Mais l’in­no­va­tion auto­mo­bile n’est pas que tech­nologique ; elle doit aus­si jouer un rôle essen­tiel dans le style et les con­cepts auto­mo­biles. Le suc­cès mon­di­al ren­con­tré par la Peu­geot 206, dont la pro­duc­tion dépasse 3 000 voitures/jour, bien­tôt com­plétée par une ver­sion coupé-cabri­o­let, les ventes de la Cit­roën Xsara Picas­so et de la Peu­geot 607, qui dépassent dès les pre­miers mois leurs objec­tifs de lance­ment, illus­trent des straté­gies pro­duit qui répon­dent, dans la logique d’i­den­tités de mar­ques claire­ment définies, aux attentes de seg­ments de clien­tèle bien identifiés.

Des ” con­cept-cars ” comme la Cit­roën Pluriel, dévoilée au Salon de Franc­fort en 1999, annon­cent par ailleurs de nou­veaux con­cepts auto­mo­biles qui ver­ront effec­tive­ment le jour dans les prochaines années.

Enfin, PSA Peu­geot-Cit­roën veut per­me­t­tre à ses clients de béné­fici­er dans leurs voitures de toutes les facil­ités qu’ap­por­tent les nou­velles tech­nolo­gies de l’in­for­ma­tion et de la com­mu­ni­ca­tion ; le lance­ment com­mer­cial de la série des Cit­roën Xsara Win­dows CE comme la joint-ven­ture fondée avec Viven­di pour dévelop­per une gamme de ser­vices Inter­net dédiés à l’au­to­mo­biliste illus­trent l’a­vance con­cur­ren­tielle du Groupe dans ce domaine.

La consolidation des parts de marché européennes

PSA Peu­geot-Cit­roën occupe la deux­ième place sur le marché auto­mo­bile européen der­rière le groupe Volk­swa­gen, ce classe­ment recou­vrant en fait une deux­ième place sur le marché des véhicules par­ti­c­uliers et une nette pre­mière place sur celui des véhicules util­i­taires légers.

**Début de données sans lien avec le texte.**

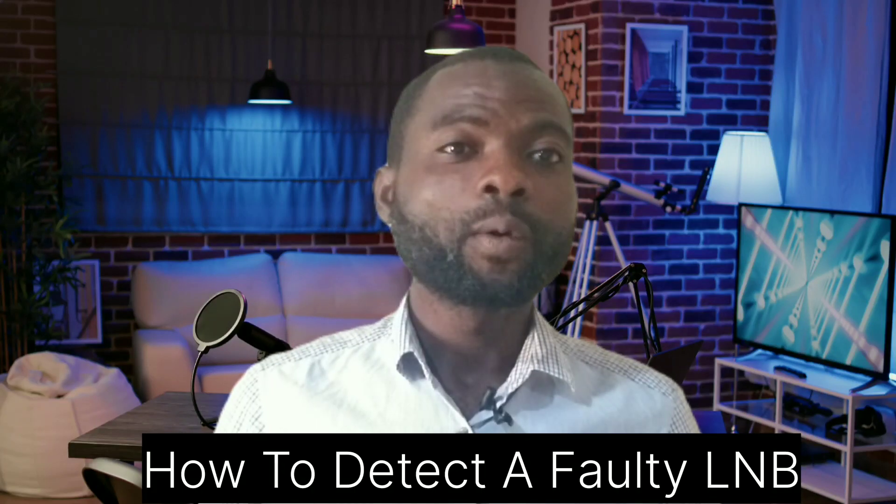Hello guys, welcome to Start Tech. Today's video is a short one. I'm making this video because I had an encounter with an installer — a customer complained a lot.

Ce posi­tion­nement sur les marchés européens résulte en fait de sit­u­a­tions très con­trastées selon les pays ; s’agis­sant des cinq grands marchés, le groupe PSA Peu­geot-Cit­roën est en posi­tion de leader en France et en Espagne, très solide­ment instal­lé en Grande-Bre­tagne, bien implan­té en Ital­ie, mais occupe une posi­tion encore insuff­isante en Allemagne.

La stratégie européenne du Groupe com­porte donc une part de défense active des posi­tions acquis­es, nour­rie par les lance­ments de nou­velles voitures, et une part d’of­fen­sive résolue dans les zones où la péné­tra­tion des deux mar­ques du Groupe est encore insuff­isante, et notam­ment en Alle­magne. Dans ce pays, pre­mier marché auto­mo­bile européen, le Groupe a engagé des pro­grammes volon­taristes d’adap­ta­tion de son offre pro­duit et d’évo­lu­tion de son réseau de dis­tri­b­u­tion avec pour objec­tif de dou­bler sa part de marché en six ans.

Le développement hors Europe

Les ventes du groupe PSA Peu­geot-Cit­roën en dehors d’Eu­rope occi­den­tale représen­tent en 1999 15 % du total, et ce faible niveau illus­tre une for­mi­da­ble oppor­tu­nité de développement.

Dans l’im­mé­di­at, la pri­or­ité est don­née aux régions du monde où la demande auto­mo­bile peut être large­ment sat­is­faite par l’of­fre actuelle des mar­ques du Groupe et deux zones de développe­ment ont été retenues, l’Eu­rope cen­trale et, en Amérique du Sud, le Mercosur.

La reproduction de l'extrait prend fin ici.